## Work task:
Exact copy, pictures excluded: set down only the lines from the one with "Pack of 5 Juniors" through the end of the entries, keeping both end lines.
BEGIN Dataset
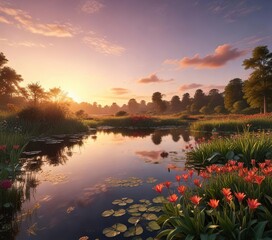 Obraz premium Serene Bosherston Lily Ponds landscape at sunset, peaceful atmosphere, pembrokeshire, nature reserve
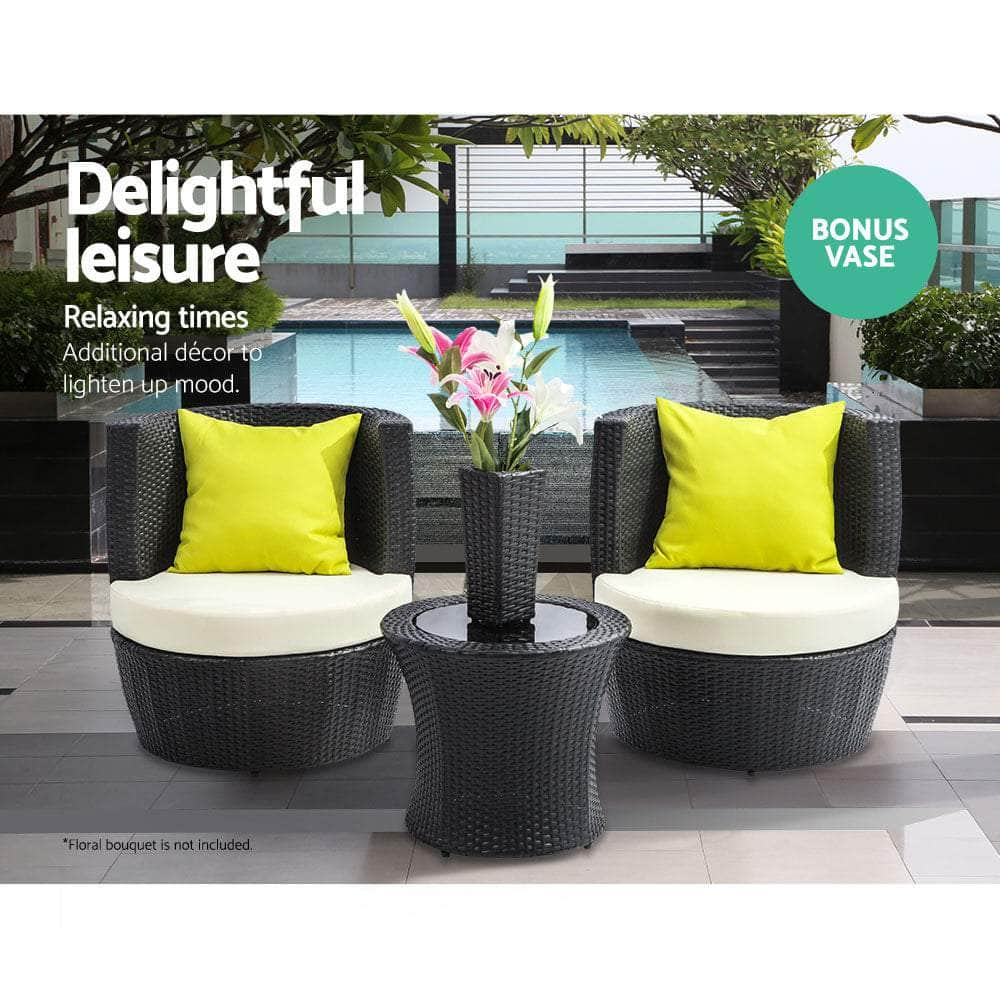 4 Piece PE Wicker Outdoor Set - Black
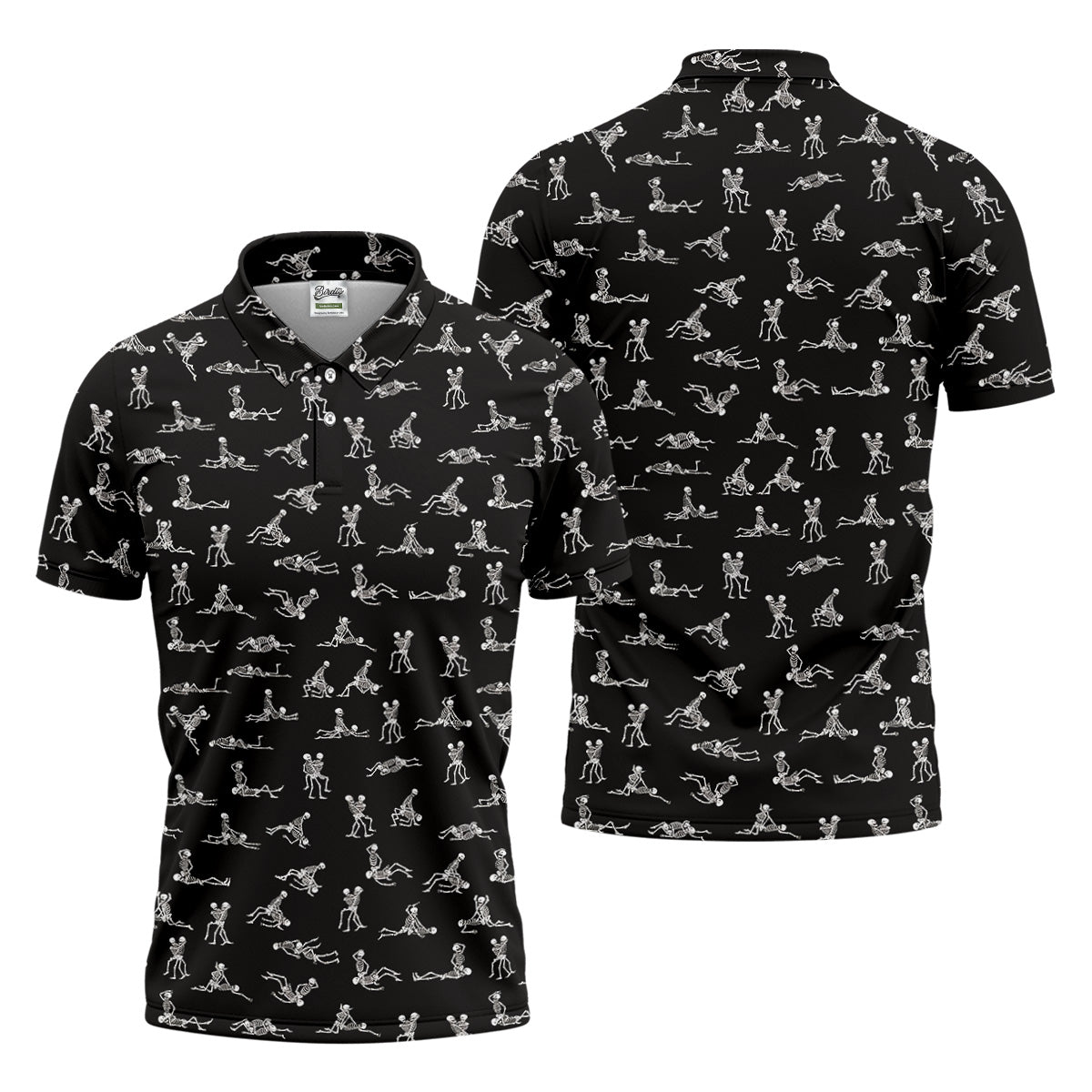 Funny Skeleton Sex Position Golf Shirt, Halloween Gift Idea, Fun Golf Shirts For Men, Unique Gift For Golfer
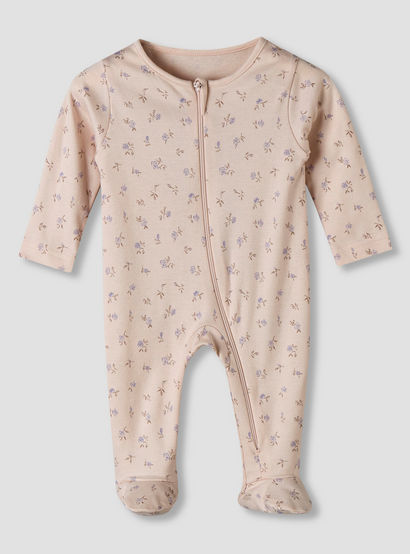 Pack of 5 Juniors Cotton Round Neck Long Sleeve Sleepsuit with Zip Closure-baby-girls-clothing-nightwear-sleepsuits-image-2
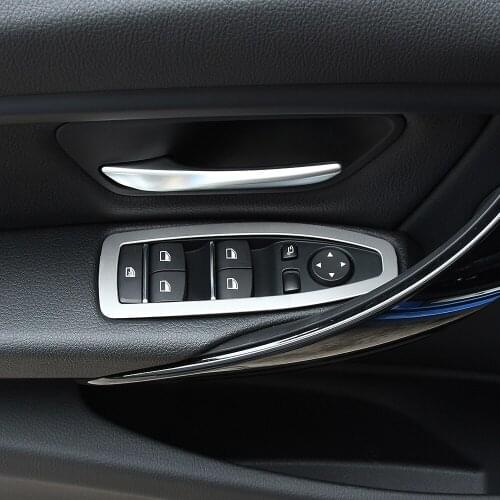 4Pcs/Set Stainless Steel Interior Door Window Switch Cover Trim Sticker for BMW 3 GT X1 1 3 4 Series F48 F20 F30 F31 F34 F36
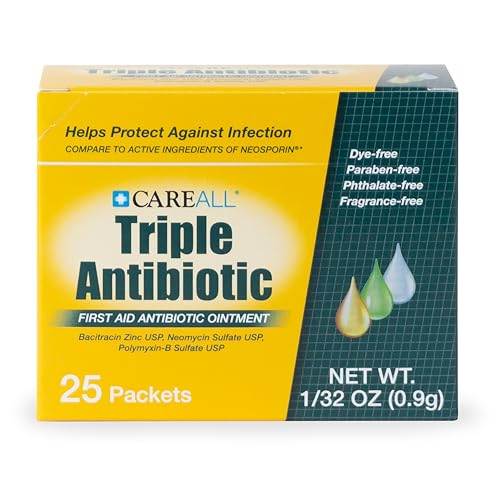 CareAll Triple Antibiotic Ointment (25 Pack), 0.9gr Foil Packet. First Aid Ointment that Prevents Infection in Minor Scrapes, Cuts, and Burns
END Dataset
## Answer for the task:
 Pack of 5 Juniors Cotton Round Neck Long Sleeve Sleepsuit with Zip Closure-baby-girls-clothing-nightwear-sleepsuits-image-2
 4Pcs/Set Stainless Steel Interior Door Window Switch Cover Trim Sticker for BMW 3 GT X1 1 3 4 Series F48 F20 F30 F31 F34 F36
 CareAll Triple Antibiotic Ointment (25 Pack), 0.9gr Foil Packet. First Aid Ointment that Prevents Infection in Minor Scrapes, Cuts, and Burns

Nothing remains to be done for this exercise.